■ **WHAT YOU ARE ASKED TO DO**:
In the listing below, locate the lines bearing the word "Pack". Copy every one of them.

■ **DATA EXTRACT**:
>>>
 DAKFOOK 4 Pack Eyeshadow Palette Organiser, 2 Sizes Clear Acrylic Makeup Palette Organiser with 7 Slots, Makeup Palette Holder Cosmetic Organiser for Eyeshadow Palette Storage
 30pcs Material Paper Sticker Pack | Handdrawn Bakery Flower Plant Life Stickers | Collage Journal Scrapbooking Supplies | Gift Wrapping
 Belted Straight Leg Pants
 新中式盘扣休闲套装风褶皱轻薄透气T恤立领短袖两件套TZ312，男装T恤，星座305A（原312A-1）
<<<
■ **OUTPUT**:
 DAKFOOK 4 Pack Eyeshadow Palette Organiser, 2 Sizes Clear Acrylic Makeup Palette Organiser with 7 Slots, Makeup Palette Holder Cosmetic Organiser for Eyeshadow Palette Storage
 30pcs Material Paper Sticker Pack | Handdrawn Bakery Flower Plant Life Stickers | Collage Journal Scrapbooking Supplies | Gift Wrapping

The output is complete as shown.